• **Task item**
Please write out all the data that follows exactly, without the pictures.

:: Information supplied ::

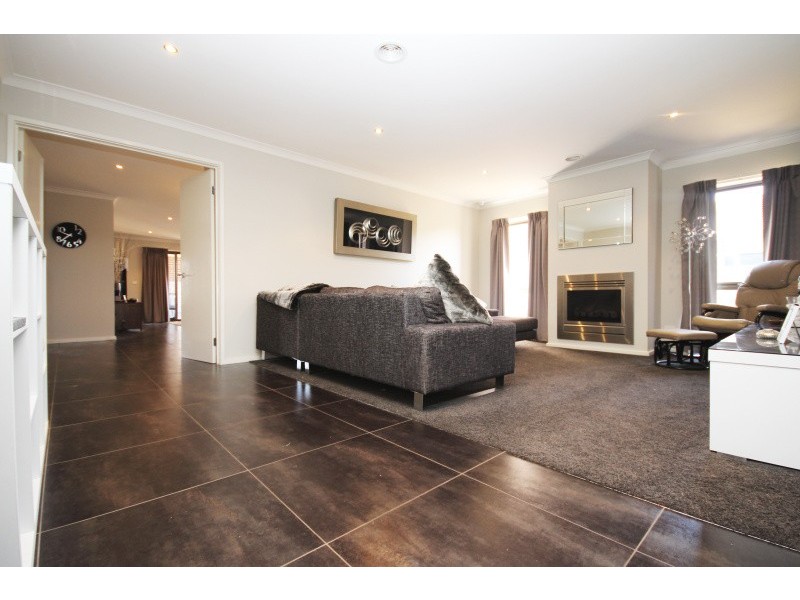 36 Lawrie Drive, Alfredton VIC 3350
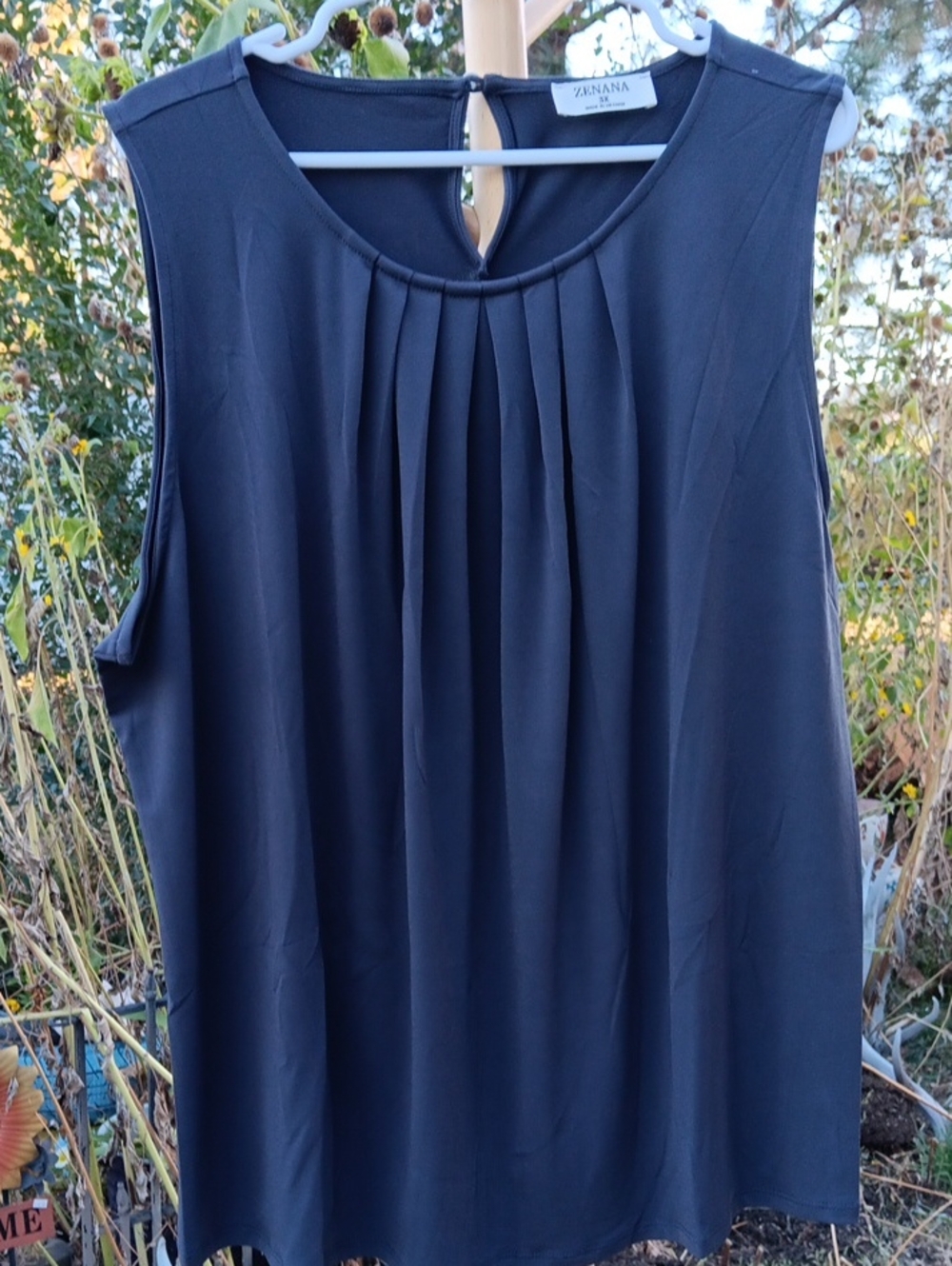 Zenana Outfitters Black Pleated Sleeveless Top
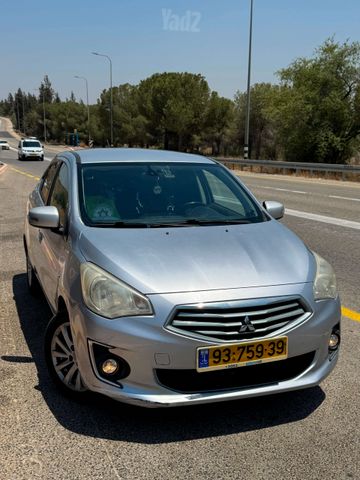 מיצובישי אטראז'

:::

• **Response to the task**
 36 Lawrie Drive, Alfredton VIC 3350
 Zenana Outfitters Black Pleated Sleeveless Top
 מיצובישי אטראז'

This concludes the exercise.